▸ **WHAT IS EXPECTED**
Word for word, restate the records from their first line through the line with "Britax KINDERWAGENAUFSATZ –", both ends included; omit each picture.

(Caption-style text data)
------------------------
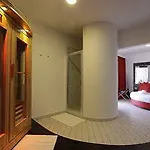 Paradise Airport Hotel Forlì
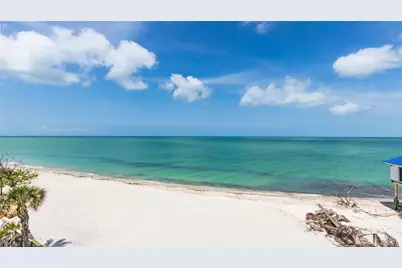 4620 Oro Pesos Ln, Upper Captiva, FL 33924 - Photo 31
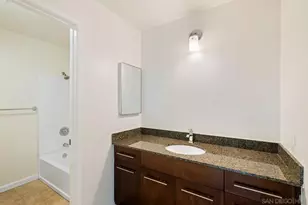 7405 Charmant Dr, San Diego, CA 92122 - Photo 13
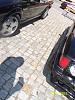 Scirocco1 026.jpg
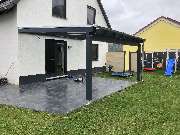 Welterdach inh. Michael Schmidt - GALLERY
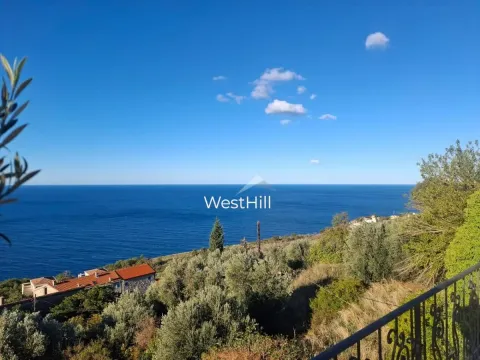 Prodaja, kuća, 194m², Reževići, Budva - image 6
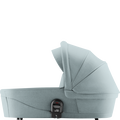 Britax KINDERWAGENAUFSATZ – SMILE 5Z Harbor Blue
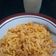 Cooksnap dari shofie untuk resep Carbonara Samyang with Mozarella Cheese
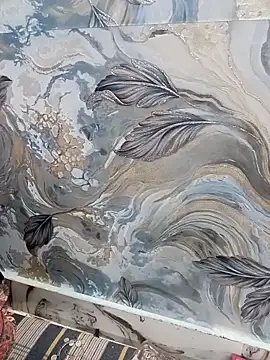 Snapshot of Haniya-143 chatting on February 2026 10:43:01 PM Haniya-143 online show from February 2026 10:43:01 PM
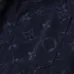 Louis Vuitton tracksuits for Louis Vuitton short tracksuits for men #B61393
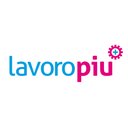 Lavoropiu Spa company logo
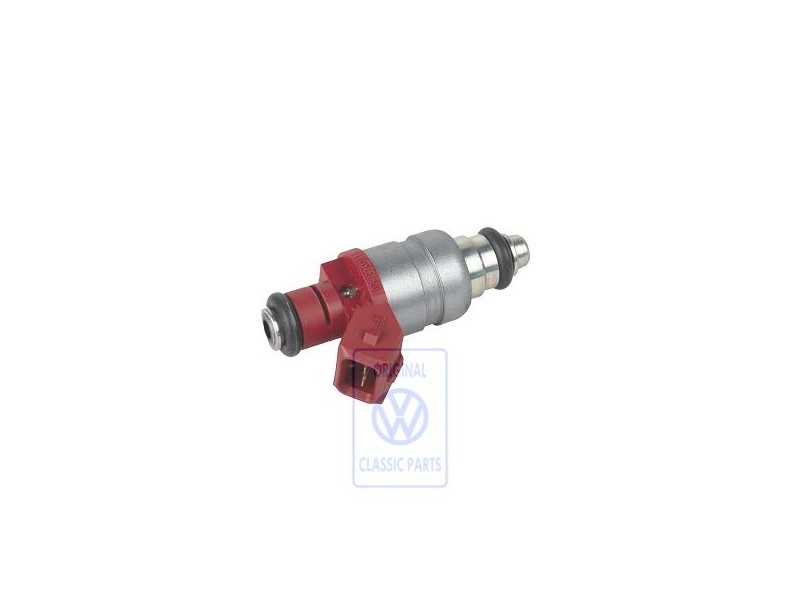 VW Original Einspritzventil - 078133551BA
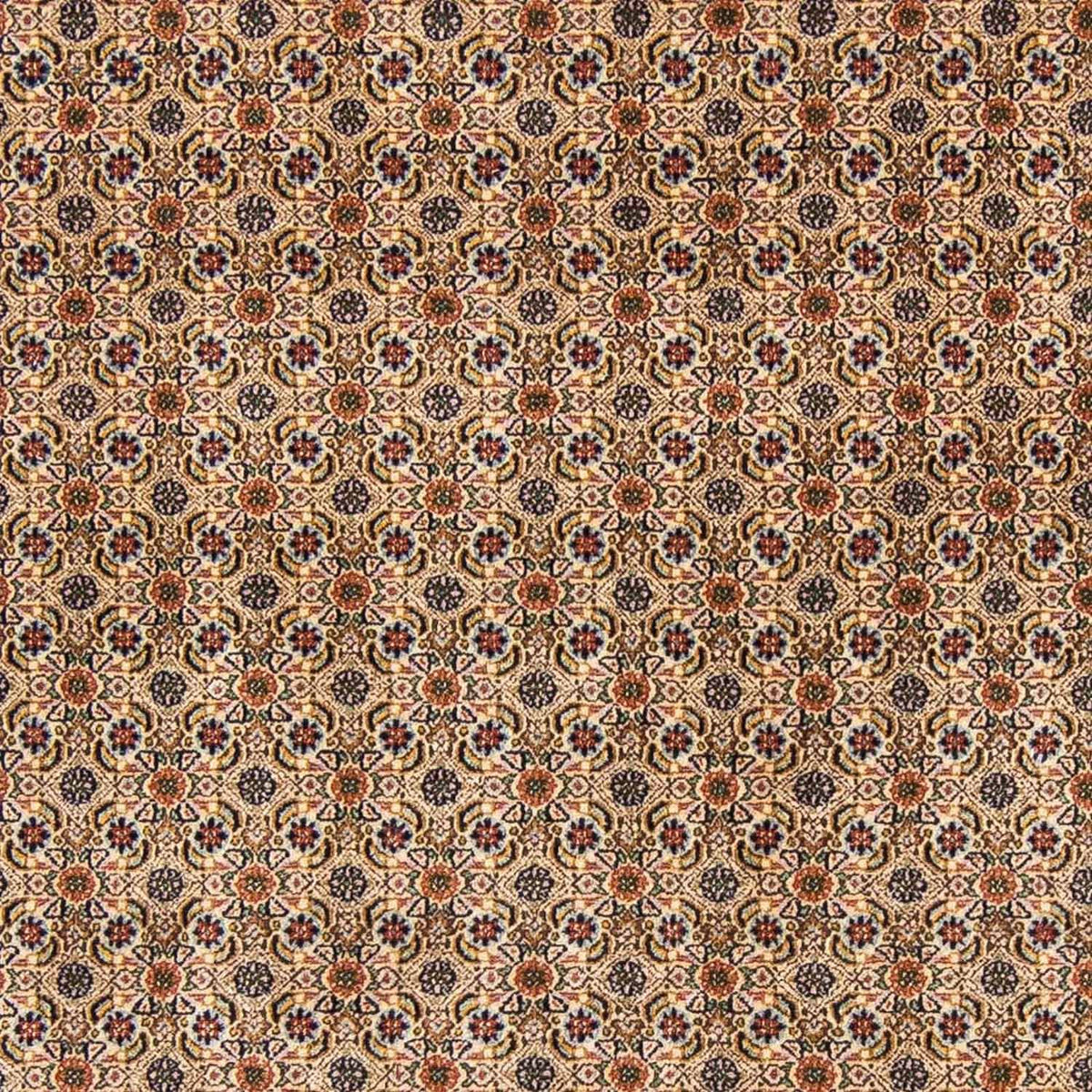 Perserteppich - Classic 298 x 200 cm - beige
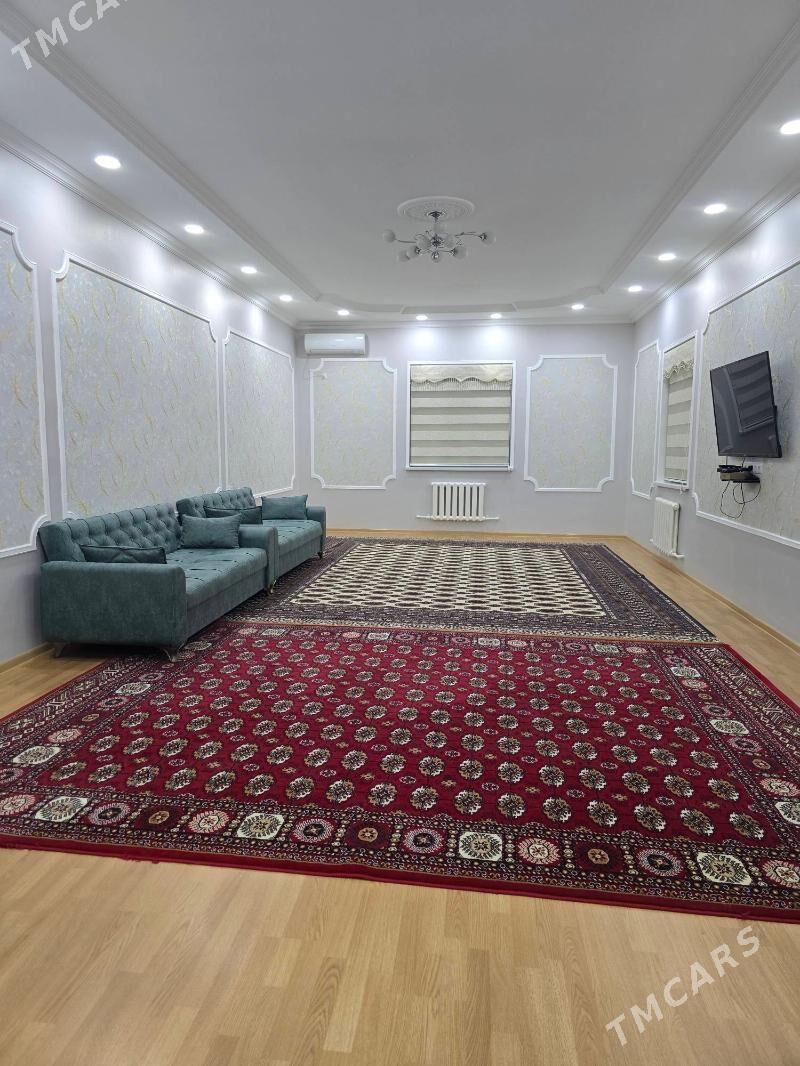 Arenda Garadamak plan jaý - Гарадамак - img 1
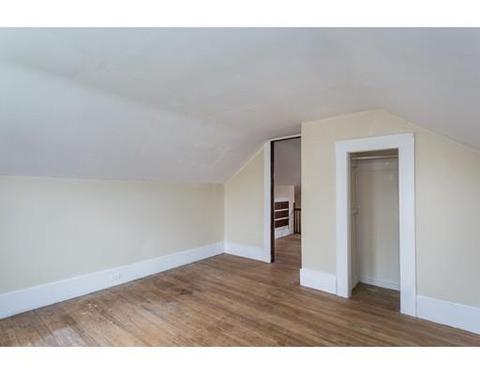 227 Parker St, Springfield, MA 01151 photo 29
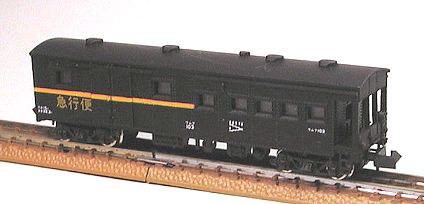 �m�Q�[�W�S���͌^�^�s�n�l�h�w�|�Q�V�Q�O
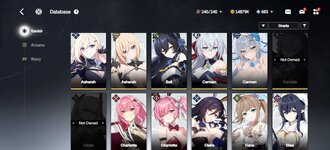Screenshot_2026-07-10-17-33-15-41_7ba35ba516f7e2e6fbfdde2cbb17d0c2.jpg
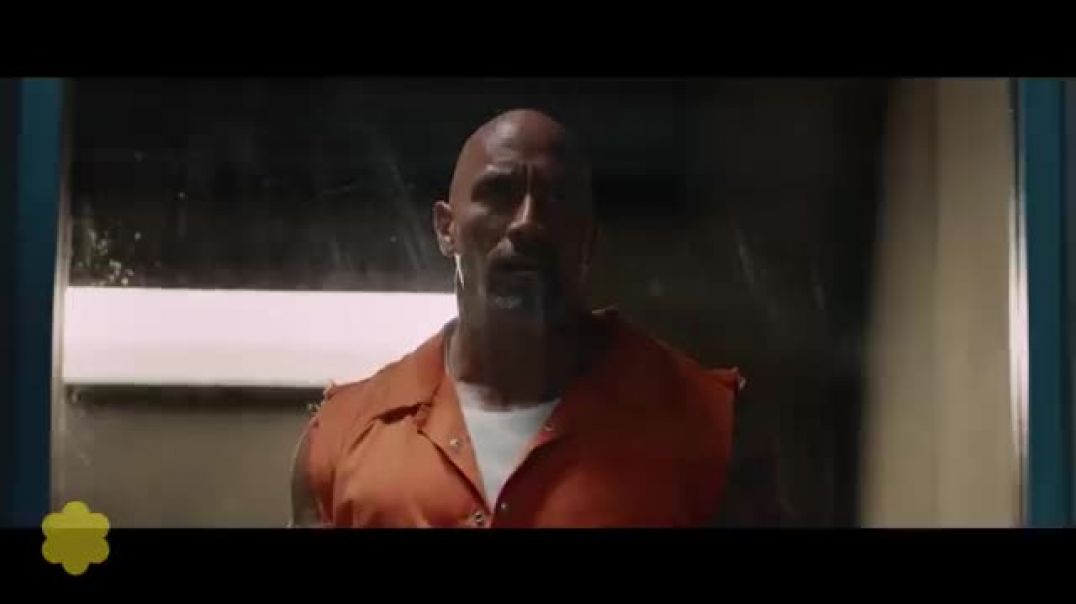 5_Crazy_Fight_Scenes_with_Incredible_Choreography(360p)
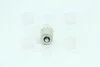 Лампа розжарювання P21W 12V 21W BA15s (вир-во Narva) NARVA 17635CP (фото 2)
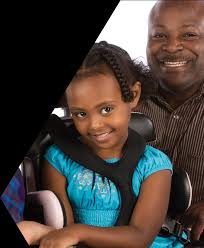 Standards for Systems of Care for Children and Youth with Special Health  Care Needs Version 2.0 June 2017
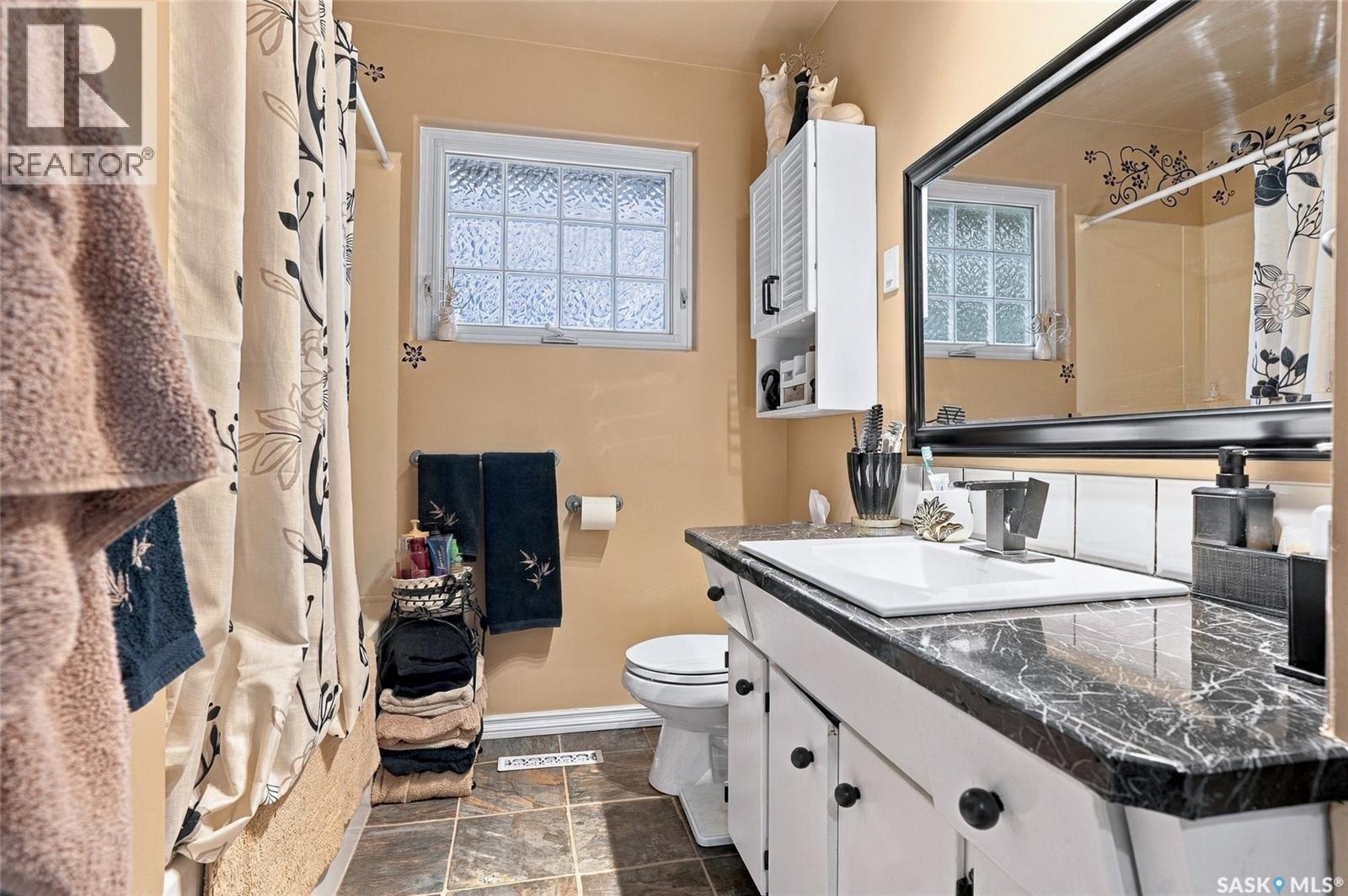 2107 Cumberland AVENUE S, Saskatoon — photo 14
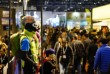 依木展览资讯：ISPO BEIJING 2017将于2017年2月15-18日在北京国家会议中心举行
------------------------
▸ **REPLY**
 Paradise Airport Hotel Forlì
 4620 Oro Pesos Ln, Upper Captiva, FL 33924 - Photo 31
 7405 Charmant Dr, San Diego, CA 92122 - Photo 13
 Scirocco1 026.jpg
 Welterdach inh. Michael Schmidt - GALLERY
 Prodaja, kuća, 194m², Reževići, Budva - image 6
 Britax KINDERWAGENAUFSATZ – SMILE 5Z Harbor Blue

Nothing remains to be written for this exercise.